**Task to complete**
Start at the line holding "Apartment Steewer Gemuetliche". Write out that line and each one after it to the end of the data, unchanged.

*** Opening Record set ***

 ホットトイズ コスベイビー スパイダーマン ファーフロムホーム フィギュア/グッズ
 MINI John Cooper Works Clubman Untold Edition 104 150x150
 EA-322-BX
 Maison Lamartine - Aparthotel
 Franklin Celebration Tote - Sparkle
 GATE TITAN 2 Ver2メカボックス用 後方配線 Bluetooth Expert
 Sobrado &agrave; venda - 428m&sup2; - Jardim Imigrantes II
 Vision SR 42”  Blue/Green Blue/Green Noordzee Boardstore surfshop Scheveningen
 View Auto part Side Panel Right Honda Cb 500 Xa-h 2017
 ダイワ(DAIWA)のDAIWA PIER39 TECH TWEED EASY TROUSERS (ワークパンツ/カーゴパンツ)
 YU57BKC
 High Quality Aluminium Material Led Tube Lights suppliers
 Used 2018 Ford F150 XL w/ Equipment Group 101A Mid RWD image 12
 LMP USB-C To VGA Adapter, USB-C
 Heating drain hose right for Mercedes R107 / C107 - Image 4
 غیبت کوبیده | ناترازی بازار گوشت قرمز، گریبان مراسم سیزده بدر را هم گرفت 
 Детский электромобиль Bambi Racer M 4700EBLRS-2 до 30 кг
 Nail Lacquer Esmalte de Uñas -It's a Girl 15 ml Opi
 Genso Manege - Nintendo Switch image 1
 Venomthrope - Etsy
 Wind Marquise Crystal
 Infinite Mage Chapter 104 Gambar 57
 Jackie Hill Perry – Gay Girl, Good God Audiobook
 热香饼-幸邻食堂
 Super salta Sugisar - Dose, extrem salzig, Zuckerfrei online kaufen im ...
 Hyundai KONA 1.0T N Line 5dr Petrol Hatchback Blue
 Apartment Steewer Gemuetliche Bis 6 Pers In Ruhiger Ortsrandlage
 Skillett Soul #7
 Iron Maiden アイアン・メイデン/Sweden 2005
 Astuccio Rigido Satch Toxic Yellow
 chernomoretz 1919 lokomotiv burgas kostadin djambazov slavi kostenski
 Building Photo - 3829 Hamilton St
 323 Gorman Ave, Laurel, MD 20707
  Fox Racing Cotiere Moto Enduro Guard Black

*** Closing Record set ***

**Output below**
 Apartment Steewer Gemuetliche Bis 6 Pers In Ruhiger Ortsrandlage
 Skillett Soul #7
 Iron Maiden アイアン・メイデン/Sweden 2005
 Astuccio Rigido Satch Toxic Yellow
 chernomoretz 1919 lokomotiv burgas kostadin djambazov slavi kostenski
 Building Photo - 3829 Hamilton St
 323 Gorman Ave, Laurel, MD 20707
  Fox Racing Cotiere Moto Enduro Guard Black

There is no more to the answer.